I recently celebrated a landmark birthday, and over the past year I have been reflecting on, and considering the future direction of, my career.  Don’t panic: I am still obsessed with, dedicated to and fascinated by money laundering, but I have been trying to think of ways to develop my own understanding of it, and more particularly to extend my usefulness to the AML community.  To this end, last year I had some interesting conversations with friends in the law enforcement and regulatory world, as I did not want to take this next step without their input and support.

Whenever I speak at a conference and am introduced as the “money laundering expert” (rather than anti-), I make a joke of it and say that those talks actually cost much more.  Well, my levity has come back to bite me, as last summer I was approached by people high up in the UK AML community and asked if I could indeed offer such training as bait.  A select group of us spent several weeks in the autumn designing materials outlining money laundering techniques that could work in the current international regulatory framework.  Once they were ready, we used some “underworld contacts” (as the law enforcement representatives in our group so vividly phrased it) to put out the word and encourage interested parties to sign up.  And they did.  Obviously such a gathering could not happen here in the UK, as our strict border controls are unwelcoming to many who would want to attend, but a wealthy man who owed HMRC a favour agreed to allow his remote country home in an eastern European jurisdiction to be used for the event.

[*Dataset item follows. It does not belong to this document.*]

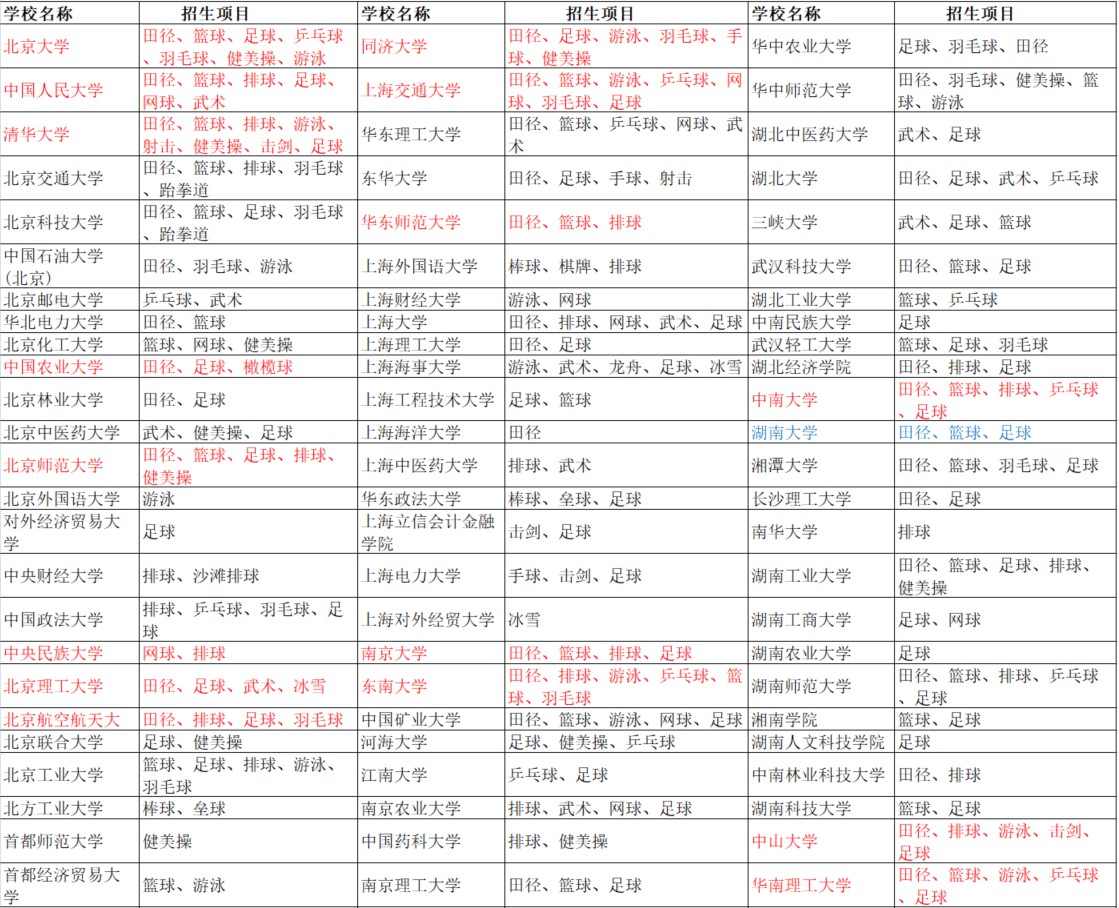 体育特长生有前途吗(特长生与升学的关系-之体育特长生)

As you can imagine, I was a little nervous, but I was assured that my personal security would be of the utmost priority – and it was certainly the first time that I have delivered training flanked by (discreetly but comprehensively) armed men.  It wasn’t quite “Spooks” or “The Night Manager”, but it was a deal closer to the action than I had ever imagined I would have the chance to be.  You can appreciate that I can’t divulge any specific details, but I am promised that, once all relevant information has been sucked dry of investigative value, I will be able to write about it – now there’s a plan for my retirement!